"One of the many things that makes Bucknell such a dynamic institution is its strong commitment to interdisciplinary inquiry."

"How should one live?"

Socrates posed that question more than 2,000 years ago. It remains the fundamental question of ethics today for Professor of Religion Maria Antonaccio, who takes both religious and philosophical approaches to her study of ethics.

Antonaccio is internationally recognized for her work on the 20th-century novelist and moral philosopher Iris Murdoch. The author of 27 novels as well as poems, plays and philosophical essays, Murdoch was an atheist who nonetheless was fascinated by religion. She believed that religion had an important role to play in preserving the sense of a moral imperative.

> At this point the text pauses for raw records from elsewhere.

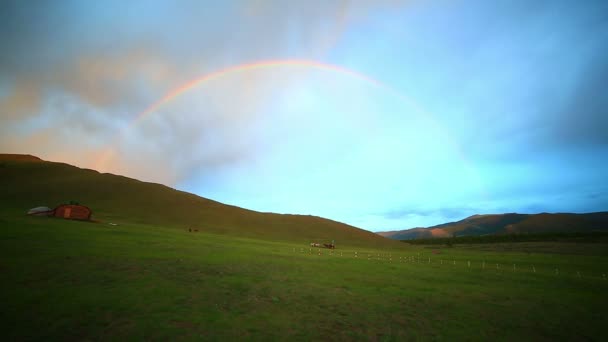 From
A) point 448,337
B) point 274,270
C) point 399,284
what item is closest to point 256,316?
point 448,337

"I find Murdoch inspiring because she exemplified the kind of creative mind who thinks outside or across traditional disciplinary boundaries, like philosophy and literature, or religion and ethics, in order to address fundamental questions," Antonaccio says. "She believed that the kind of questions raised by religion and ethics are inescapable in human life, questions like, 'How should one live?' and 'How can we become morally better?'" Antonaccio has co-edited a collection of essays on Murdoch's thought, published a book titled Picturing the Human: The Moral Thought of Iris Murdoch, and is now completing a third related book.

Antonaccio pursues an interdisciplinary spirit in her teaching. She has developed courses on environmental ethics, the ethics of consumption, and the ethics of genetic technologies. "One of the many things that makes Bucknell such a dynamic institution is its strong commitment to interdisciplinary inquiry," she says. "That commitment has given me the opportunity to develop teaching expertise in areas of practical ethics that barely existed when I was in graduate school, but are becoming increasingly urgent in contemporary life."

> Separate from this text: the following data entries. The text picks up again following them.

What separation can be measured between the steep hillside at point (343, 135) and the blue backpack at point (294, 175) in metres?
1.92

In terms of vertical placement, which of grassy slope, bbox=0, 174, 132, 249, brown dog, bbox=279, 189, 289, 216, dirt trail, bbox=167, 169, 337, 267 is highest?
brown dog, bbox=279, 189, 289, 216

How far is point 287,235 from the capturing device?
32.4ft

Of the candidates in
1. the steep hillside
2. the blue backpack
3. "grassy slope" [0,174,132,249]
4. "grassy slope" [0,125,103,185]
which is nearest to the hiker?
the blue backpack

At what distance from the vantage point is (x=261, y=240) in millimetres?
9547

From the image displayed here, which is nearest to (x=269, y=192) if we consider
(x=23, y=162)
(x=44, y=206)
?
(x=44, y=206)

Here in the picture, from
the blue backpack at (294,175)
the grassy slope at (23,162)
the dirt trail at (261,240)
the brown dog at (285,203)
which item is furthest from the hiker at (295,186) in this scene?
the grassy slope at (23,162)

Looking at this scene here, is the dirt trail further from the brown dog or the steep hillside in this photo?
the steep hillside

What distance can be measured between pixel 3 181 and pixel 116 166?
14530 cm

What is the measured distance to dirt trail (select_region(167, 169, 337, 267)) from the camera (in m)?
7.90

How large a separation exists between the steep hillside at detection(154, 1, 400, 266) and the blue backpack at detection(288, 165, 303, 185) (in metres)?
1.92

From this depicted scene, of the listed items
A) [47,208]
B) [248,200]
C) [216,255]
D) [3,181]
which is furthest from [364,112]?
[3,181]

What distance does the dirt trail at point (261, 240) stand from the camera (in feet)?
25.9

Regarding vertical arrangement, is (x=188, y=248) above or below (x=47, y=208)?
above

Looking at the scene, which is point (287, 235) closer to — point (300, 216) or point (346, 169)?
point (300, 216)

Above all, Antonaccio says, her courses are intended to encourage students to live and think "understandingly," rather than unreflectively, about their values, perceptions and choices. She received Bucknell's Presidential Award for Teaching Excellence in 2006.

Antonaccio was originally drawn to the study of religion by questions of how religious beliefs and practices affect how human beings inhabit and make sense of the world, how they treat others, what they value and how their values guide their choices. These same questions formed the basis for her current work in ethics.

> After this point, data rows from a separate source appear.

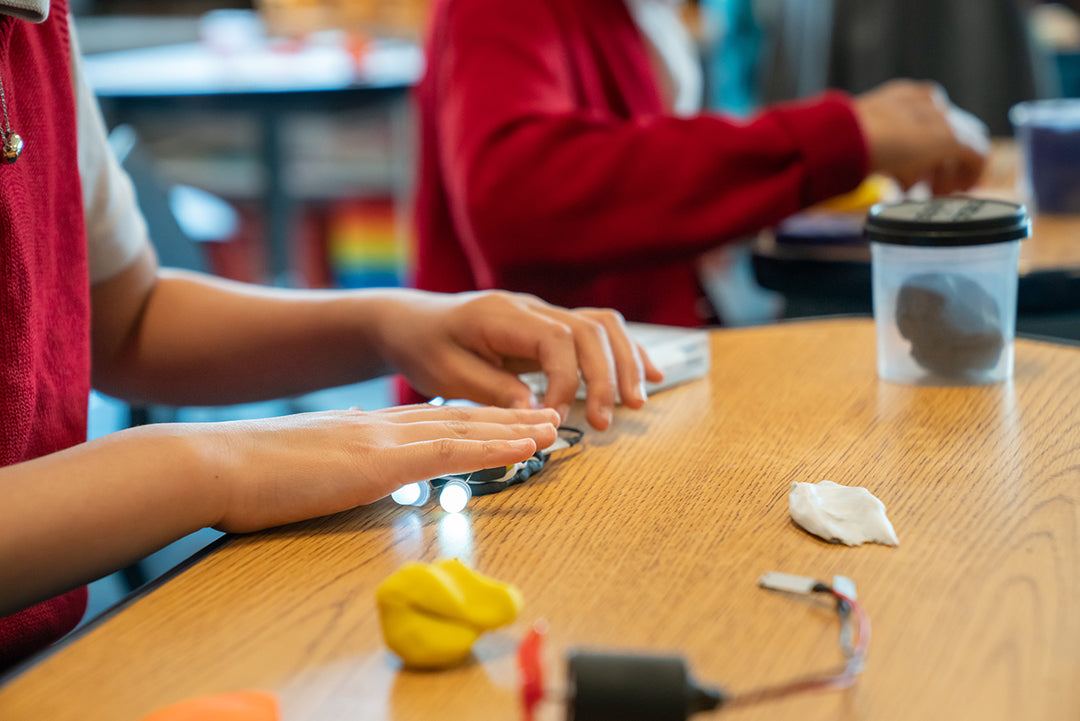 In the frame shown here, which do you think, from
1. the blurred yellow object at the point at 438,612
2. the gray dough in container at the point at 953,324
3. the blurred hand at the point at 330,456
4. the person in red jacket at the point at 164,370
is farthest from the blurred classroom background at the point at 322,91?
the gray dough in container at the point at 953,324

She finds this to be a particularly exciting time to be a scholar and student of religion. A few decades ago, the influence of religion was thought to be waning rapidly. As science and technology captured popular thought, humanity seemed to be progressing toward a secular future. That trend has since partially reversed itself, and many religions worldwide are experiencing a resurgence.

"There is a growing consensus that one simply cannot be an adequately informed citizen of the world today without some critical understanding of the diversity, influence and impact of religious traditions on human culture and history," Antonaccio says. "In that sense, the study of religion is, perhaps now more than ever, a crucial component of a liberal arts education."